| REQUIRED ACTION |
Here are some records; copy every line that holds the word "white".

| Collection entries |
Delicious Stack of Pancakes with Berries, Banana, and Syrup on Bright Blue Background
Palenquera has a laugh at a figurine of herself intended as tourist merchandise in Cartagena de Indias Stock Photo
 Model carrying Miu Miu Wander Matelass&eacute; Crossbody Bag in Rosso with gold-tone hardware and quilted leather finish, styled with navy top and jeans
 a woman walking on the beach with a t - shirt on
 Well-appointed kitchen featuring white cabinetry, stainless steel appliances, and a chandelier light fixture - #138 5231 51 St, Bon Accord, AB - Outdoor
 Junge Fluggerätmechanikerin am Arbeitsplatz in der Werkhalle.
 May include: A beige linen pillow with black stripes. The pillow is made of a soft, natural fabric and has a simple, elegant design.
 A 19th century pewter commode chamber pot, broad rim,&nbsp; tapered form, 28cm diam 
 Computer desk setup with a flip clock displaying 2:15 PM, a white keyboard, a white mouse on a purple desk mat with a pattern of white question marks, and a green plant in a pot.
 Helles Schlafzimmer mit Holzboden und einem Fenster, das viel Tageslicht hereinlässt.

| RESULT OF THIS TASK |
 Well-appointed kitchen featuring white cabinetry, stainless steel appliances, and a chandelier light fixture - #138 5231 51 St, Bon Accord, AB - Outdoor
 Computer desk setup with a flip clock displaying 2:15 PM, a white keyboard, a white mouse on a purple desk mat with a pattern of white question marks, and a green plant in a pot.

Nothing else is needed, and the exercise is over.